_The records_.
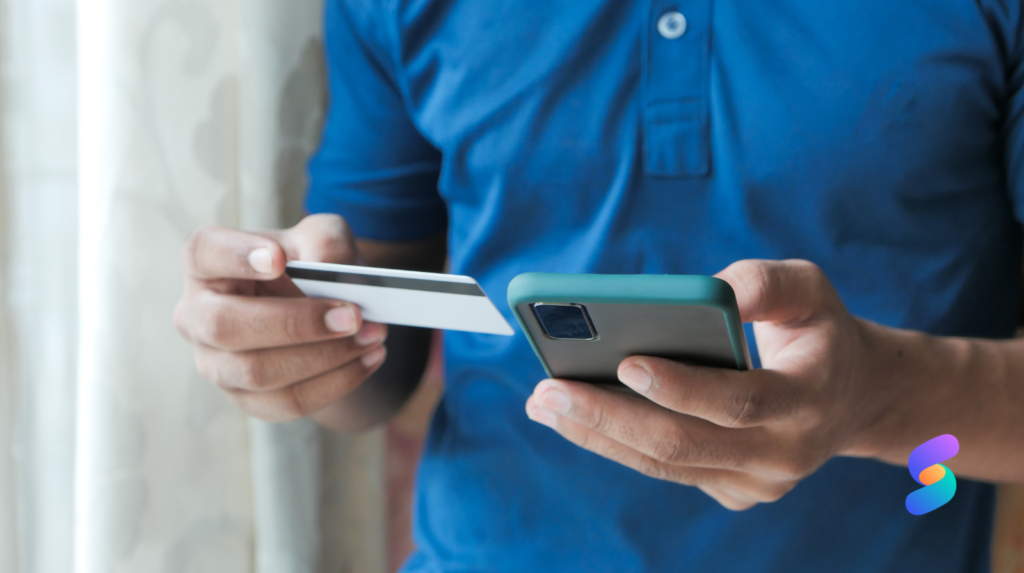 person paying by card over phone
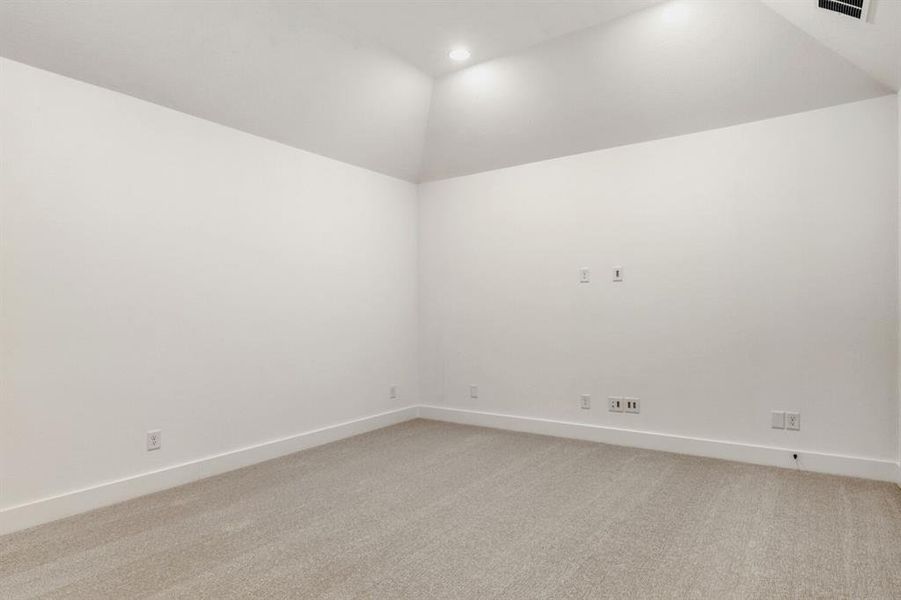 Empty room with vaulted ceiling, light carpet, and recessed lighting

* * *

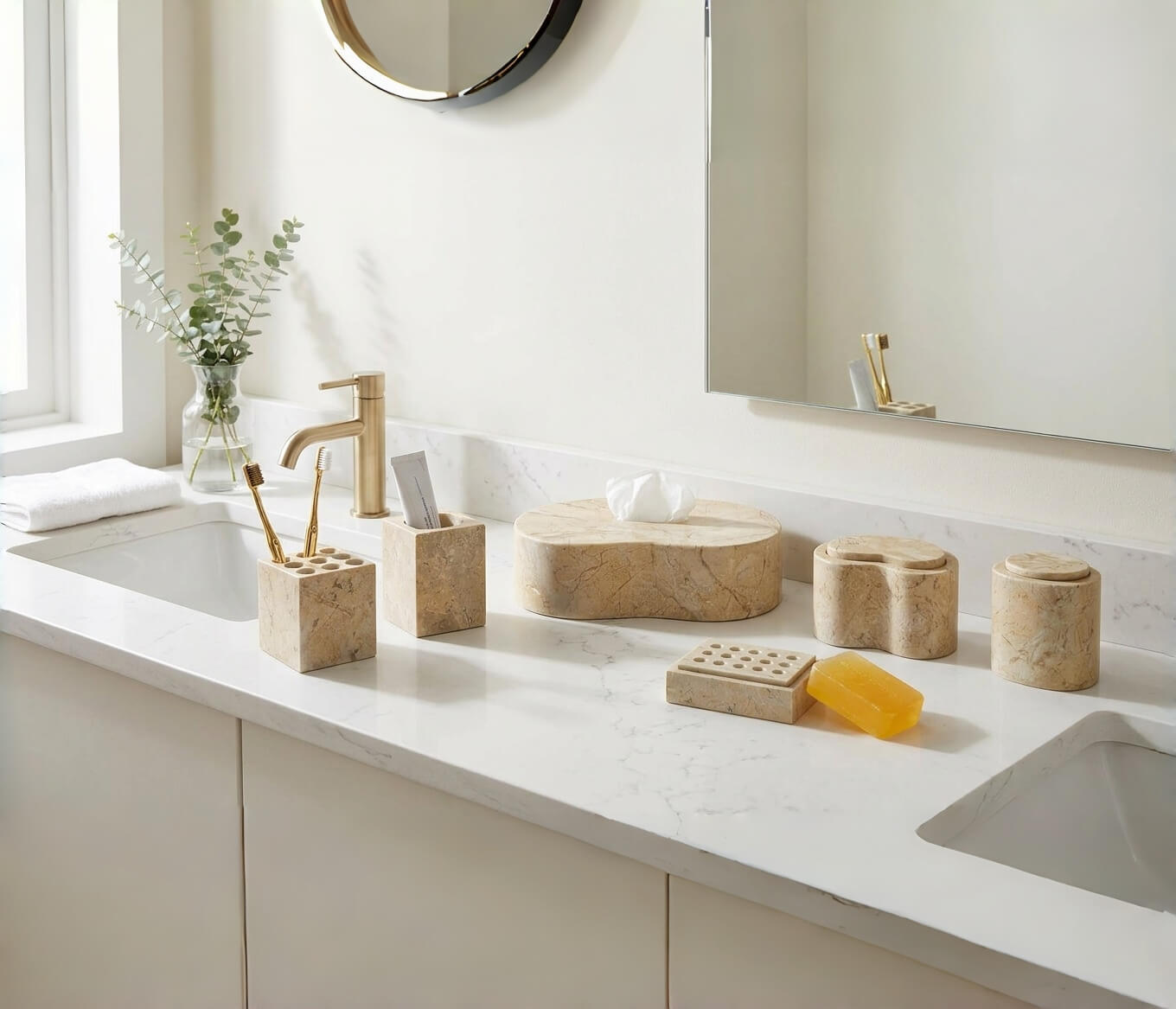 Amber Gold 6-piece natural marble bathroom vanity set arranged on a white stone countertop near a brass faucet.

_Work instructions_. Both the line above containing "person paying by card over phone" and the line containing "Empty room with" belong in the copy, along with every line between them; print these exactly and omit the pictures.

_Task result_.
 person paying by card over phone
 Empty room with vaulted ceiling, light carpet, and recessed lighting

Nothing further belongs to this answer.